【家族の距離感から考える:こども部屋】
玄関に入ると、左右に分かれた2つの床。右は、家族のスペースで、左はこどものゾーンです。それぞれの行き来には、「飛び石」ならぬ「飛び丸太」で渡っていきます。
そこには、ぴょんと飛び越えられて、靴履かなくても渡れる、ほんの数十センチの隙間があるだけ・・・。それでも、互いの空間には、見た目にも、心理的にも、不思議な距離感が生まれます。
距離は近くても、「あっちとこっちの感覚」、「渡りの感覚」、「境界の感覚」、表現の仕方はいろいろありますが、床が離れていることに、やはり意味があるんです。

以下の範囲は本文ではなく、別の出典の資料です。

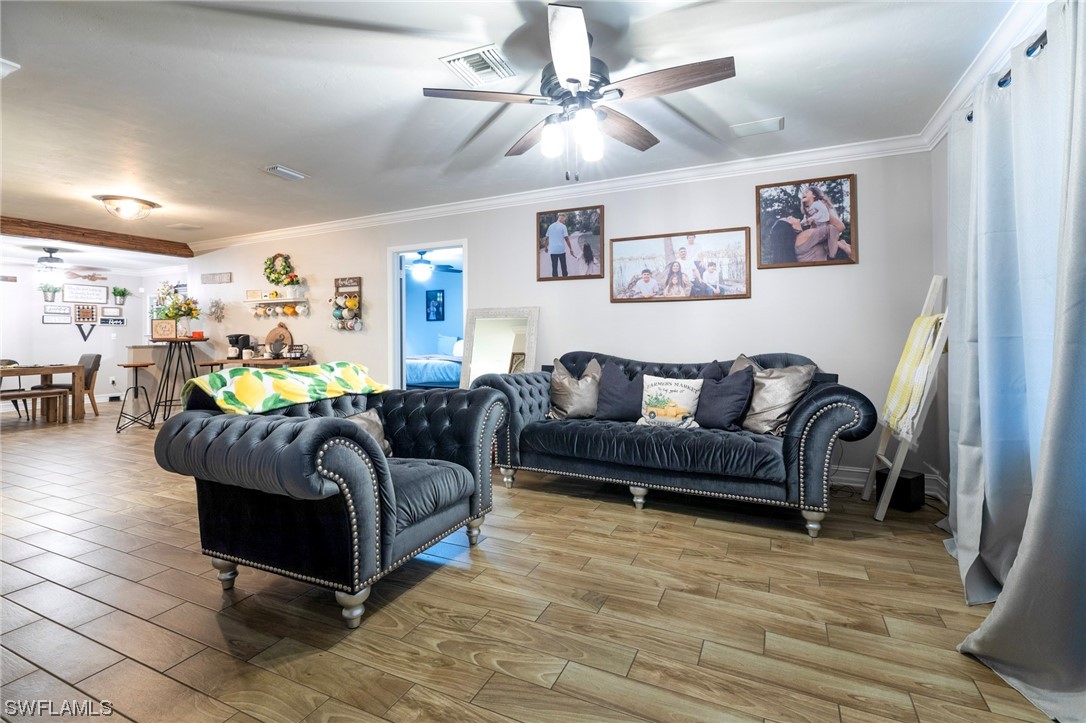 461 6th AVE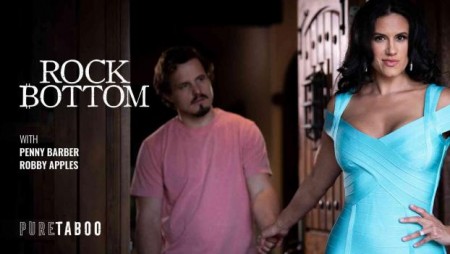 Image Of PureTaboo 23 08 22 Penny Barber XXX 480p MP4-XXX [XC]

家族間の距離感について考えてみると、親の立場からは、いつでも、こどもの気配の感じられたりや見守りができる距離が安心ですし、こどもたちは、(年齢によって変化してくると思いますが)「ここは、こどもだけの世界」と感じられる空間を求めている気がします。

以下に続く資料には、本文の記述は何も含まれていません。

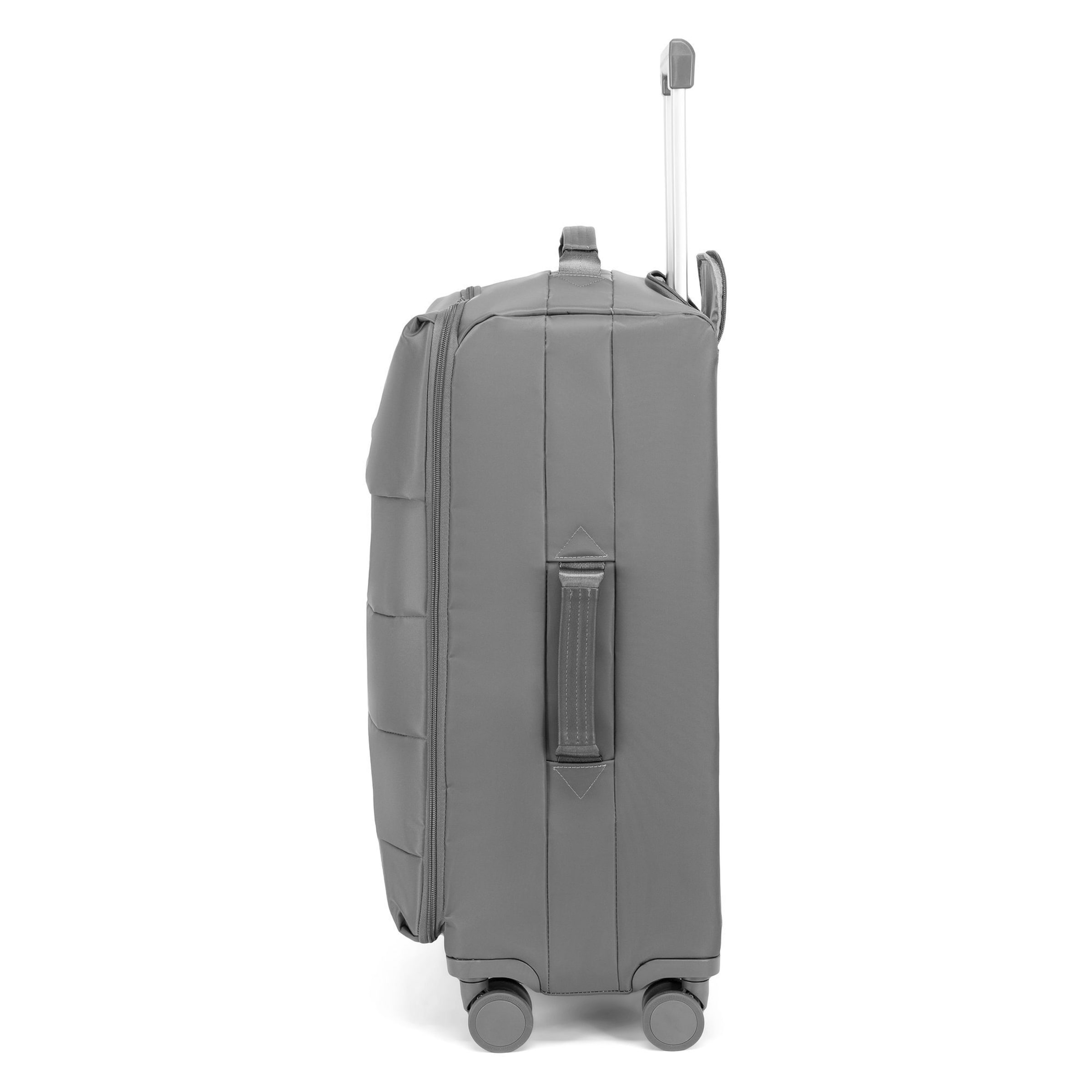 Epic Trolley 'Orbit' in Grau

この異なる2つの要素が重なる距離、それが、一番ちょうどいい距離ではないかと思うのです。
思い起こせば、私の学生時代、庭の片隅に建てたプレハブの離れを子供部屋にしていた友達は、みんなの憧れでしたし、やっぱり仲間の溜まり場になっていました。
まぁ、それでは、ちょっと母屋とは離れすぎなのですが・・・、「飛び丸太」の子供部屋は、こどもの感覚的にはそういう距離が近いような気がします。
そういえば、この家の平面計画をしていた際のお父さんの心配ごとはというと・・・。
子供部屋が割と独立しているので、将来、こどもたちが大きくなったときに(高校生くらいになったときに)、勝手に夜遊びしたり、悪い友達の溜まり場にならないか・・・ということでした・・・。

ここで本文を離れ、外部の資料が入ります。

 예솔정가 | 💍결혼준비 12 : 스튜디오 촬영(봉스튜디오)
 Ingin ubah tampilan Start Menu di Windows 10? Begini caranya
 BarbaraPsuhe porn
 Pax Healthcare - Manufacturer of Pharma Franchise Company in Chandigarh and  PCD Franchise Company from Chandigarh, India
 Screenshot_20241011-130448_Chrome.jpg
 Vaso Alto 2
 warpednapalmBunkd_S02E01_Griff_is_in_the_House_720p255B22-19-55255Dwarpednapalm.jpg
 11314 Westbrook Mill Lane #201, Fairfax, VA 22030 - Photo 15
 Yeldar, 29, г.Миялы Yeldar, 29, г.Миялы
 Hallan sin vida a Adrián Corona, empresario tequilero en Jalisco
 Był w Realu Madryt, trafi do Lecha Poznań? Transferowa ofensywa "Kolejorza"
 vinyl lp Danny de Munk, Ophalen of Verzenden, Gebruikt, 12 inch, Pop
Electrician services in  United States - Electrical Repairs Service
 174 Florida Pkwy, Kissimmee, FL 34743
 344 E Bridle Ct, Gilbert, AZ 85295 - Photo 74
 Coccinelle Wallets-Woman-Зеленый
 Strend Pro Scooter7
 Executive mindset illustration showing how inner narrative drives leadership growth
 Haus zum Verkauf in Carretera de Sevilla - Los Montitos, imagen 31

ご主人のお話をよく伺ってみると、「何故って、ご自分が若い頃、そうだったから・・・。」ということでした(笑)。
そんなこの家も、完成してからずいぶん時間が経ちました。今年いただいた年賀状には、「こどもたちが、大学、高校のダブル受験で大変です。」といった言葉が添えられていました・・・。その後の子供部屋がどうだったか、子育ての先輩としてのお話を伺ってみたいです・・・。